For purposes of legal recognition by the government, the Lutheran and Reformed churches in Austria form together an ecclesiastical entity called the Evangelical Church of the Augsburg and Helvetic Confessions, a designation which provides for cooperation in certain areas but leaves the two groups fully independent in matters of confessional identity and administration. The dual legal entity both churches agreed to, with the obligation to follow in the way of the reformers, is the basis of Austrian Lutheran and Reformed participation in the WCC, an arrangement akin to that of Germany's Lutherans and Reformed, participating under the Evangelical Church in Germany (EKD). Austrian Lutherans are members of LWF through their own ecclesiastical body, the ECAC, just as the Reformed are members of WARC through their own Reformed Church of Austria.

The Reformation reached the area of what is today called Austria very early. By the end of the 16th century two thirds of the population were touched by it. At that time a systematic counter-reformation was started in the Habsburg empire. Evangelical preachers had to leave the country, churches were destroyed, books and writings burned. Citizens as well as farmers had to choose between emigration or return to the Catholic Church. For more than three generations they had to decide for their faith or their home country. Thousands chose to emigrate, many turned back to Catholicism and some stayed Evangelicals in their heart. A "secret Protestantism" was able to survive for decades, mainly by withdrawing to the hardly accessible valleys in the mountains of Carinthia and Upper Austria. During this period of persecution evangelical worship services were allowed only in Vienna.
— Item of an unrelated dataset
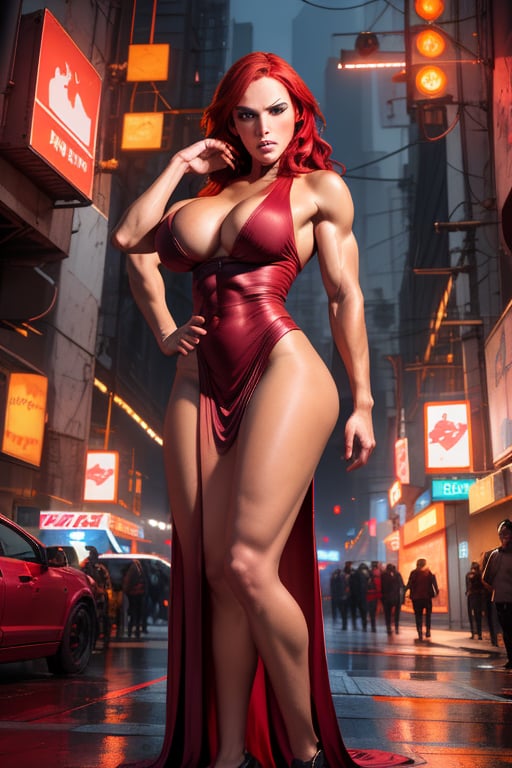 Erika, a beautiful woman, 28 years old, long red hair, blue eyes, sandy warmy skin, muscular body, big breasts, ripped abs, wide hips, big ass, round ass, wide thighs. She wears a maroon red dress with black stripes. action scene, in the background a night city with neon lights, interactive elements, very detailed, ((Detailed face)), ((Detailed Half body)), Color Booster, Erika Schnaider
In 1781 the emperor issued a Deed of Tolerance, and in 1861 the Protestants were granted complete freedom of confession and public practice of religion. During the "Free from Rome" movement in the late 19th and early 20th century many Catholics joined the Protestant churches. The ideological trends of the 1930s brought about a severe time of testing for Protestants. A few men and women raised their voice and offered resistance but the church as a whole did not follow them. The influx of German refugees from central and eastern Europe after World War II, and of Hungarians after the uprising of 1956, increased once again the membership of the Protestant churches.

Lutheran and Reformed Christians in Austria have been working together in areas of spiritual and administrative concern for many years. One of the reasons is that in both churches membership is mixed, i.e. the Lutheran Church has Reformed members, and the Reformed Church has Lutherans. The law for Protestants voted in 1961 by the Austrian parliament provided for the legal autonomy of the churches and public support for the Protestant faculty of theology, for religious instruction in schools, and for military chaplaincies and church-related welfare services. Finding itself in the very centre of Europe, the church makes great efforts to promote dialogue with various Christian communities in neighbouring nations, in particular in the Czech Republic, Slovakia, Hungary, Slovenia, Croatia, Serbia and Montenegro, Italy, Germany and Switzerland. Through its theological faculty in Vienna it contributes to the ongoing European theological debate.